If that sounds absurd, and it may, that is due to the limitation of words as opposed to the surprising and complete lack of limitation in the exhibition. While I did not personally inhabit my own avatar on my artist-led tour of the space, it’s one way available to enjoy the show quite fully; walking through in 2D is also wonderful, and comes with easily accessed information about the works from the artists, as well as full viewing of all the art, including the videos, which are both visual and auditory.

Diane Williams

While I have too many favorites to mention, among the standouts for me are Ann Phong’s “Looking Up from the Bottom of the Ocean,” an acrylic on panel vision of intense blue in which the viewer seems to be swimming toward a vivid, redeeming light; Diane William’s large-scale mixed media weaving, produced with the students of the Los Feliz Charter School for the arts, titled “We Can,” is so textural, in 3D one can almost feel the fabric and wire utilized.

Blue McRight’s complex woven mixed media wall hangings, “Undescribed Variations,” which appear to be gestating forms, or tribal designs are equally well-presented in terms of physicality. Eli Joteva’s interstellar-like cyanotypes are haunting; her video, “Time Reveals the Surface” is richly compelling; equally so, though entirely different, is Kate Parsons’ vivid “Valhalla.” Both mystical and visceral, Hung Viet Nguyen’s wonderful Sacred Landscapes series dazzles here. June Edmond’s work is a kinetic trip of color; Virginia Katz offers images both dreamy and profound, of which “The Hours 1” is a particular favorite. Her wall sculptures using acrylic paint and wire are very different and also quite special. Sean Noyce’s video “Portal,” is just that, luring the viewer into a glowing new dimension.

June Edmonds

I could go on and on, certainly Khang B. Nguyen and Kio Griffith each have disparate but dazzling works in the show, as do so many others.

The exhibition describes its own title and theme in part with this statement: “Hope is an evasive phenomenon.  For some it is a most harmful impairment, for others it is one of the highest human virtues.  It is difficult to precisely define, but seems to leave its imprints on every aspect of human life and practice.” It certainly has left one on this beautiful and unique show.  

Khang B. Nguyen

Drop whatever else you are doing on your computer at the moment, and step inside: https://www.phenomenologyofhope.com/

  • Genie Davis; photos provided by Supercollider and curators

Five on the Rise Shimmers with Color and Light

Five on the Rise is a stellar new exhibition rising up at REH Fine Art at GraySpace in Santa Barbara.
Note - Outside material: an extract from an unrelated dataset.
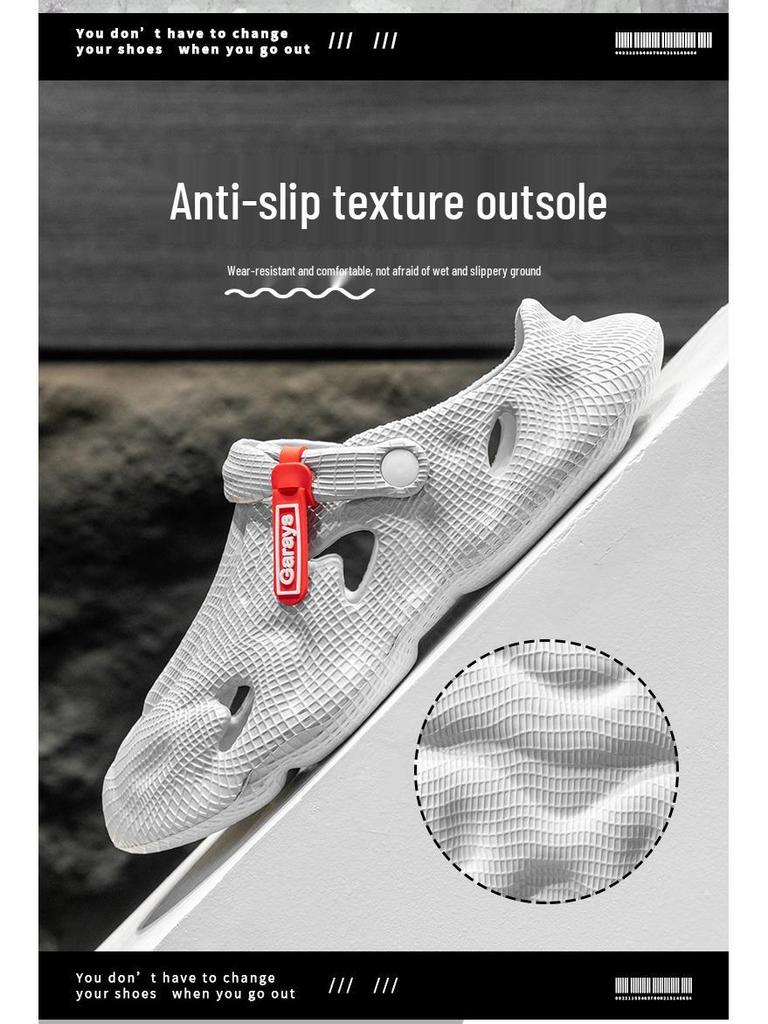 Мужские сандалии с кокосовым отверстием, нескользящие, для улицы, пляжные - летние шлепанцы Баотоу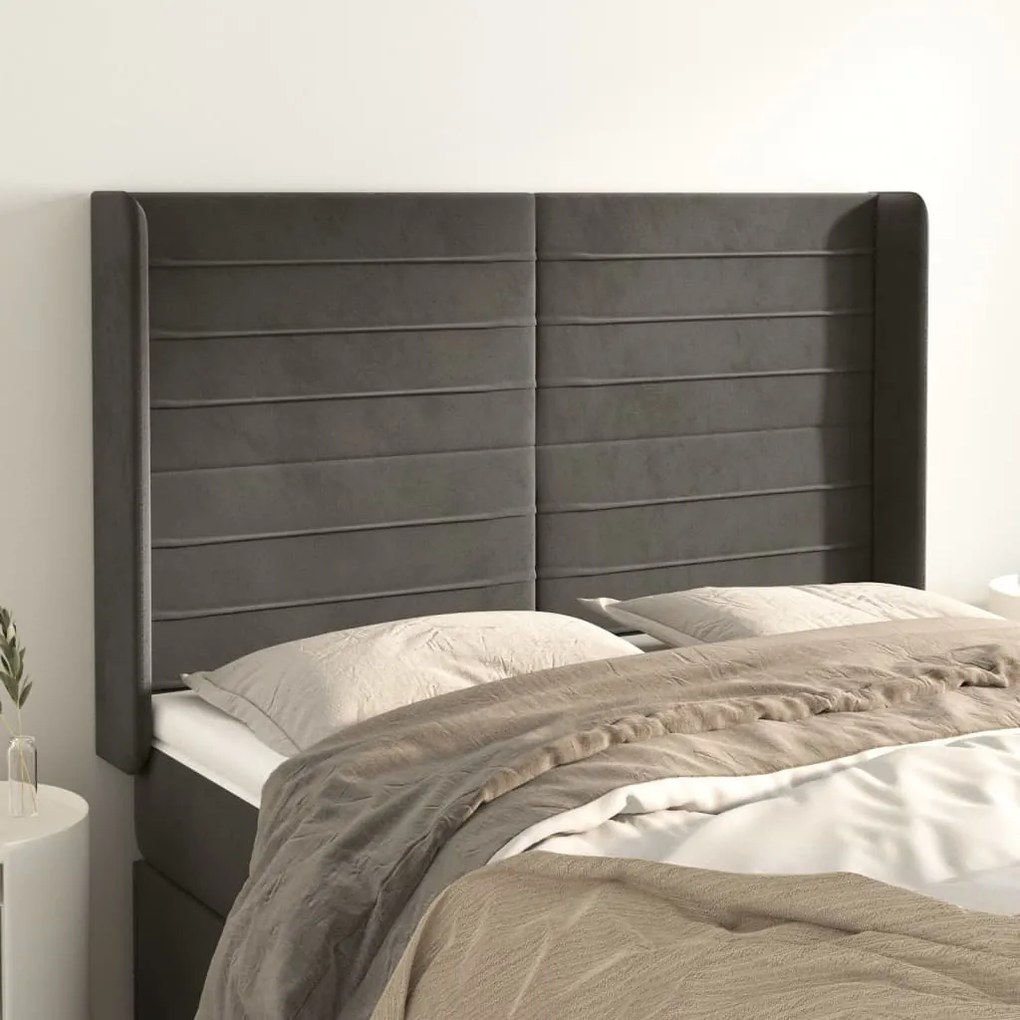 vidaXL Tăblie de pat cu aripioare gri închis 147x16x118/128 cm catifea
The exhibition includes the work of gallerist Ruth Ellen Hoag, as well as artists Kerrie Smith, Cynthia James, Cynthia Martin, and Dorothy Churchill-Johnson.

Cynthia Martin

The five are long-time members of the Art Salon in Santa Barbara and Santa Barbara Studio Artists. The supportive groups assist artists and worked to raise the profile of Santa Barbara itself as an art destination.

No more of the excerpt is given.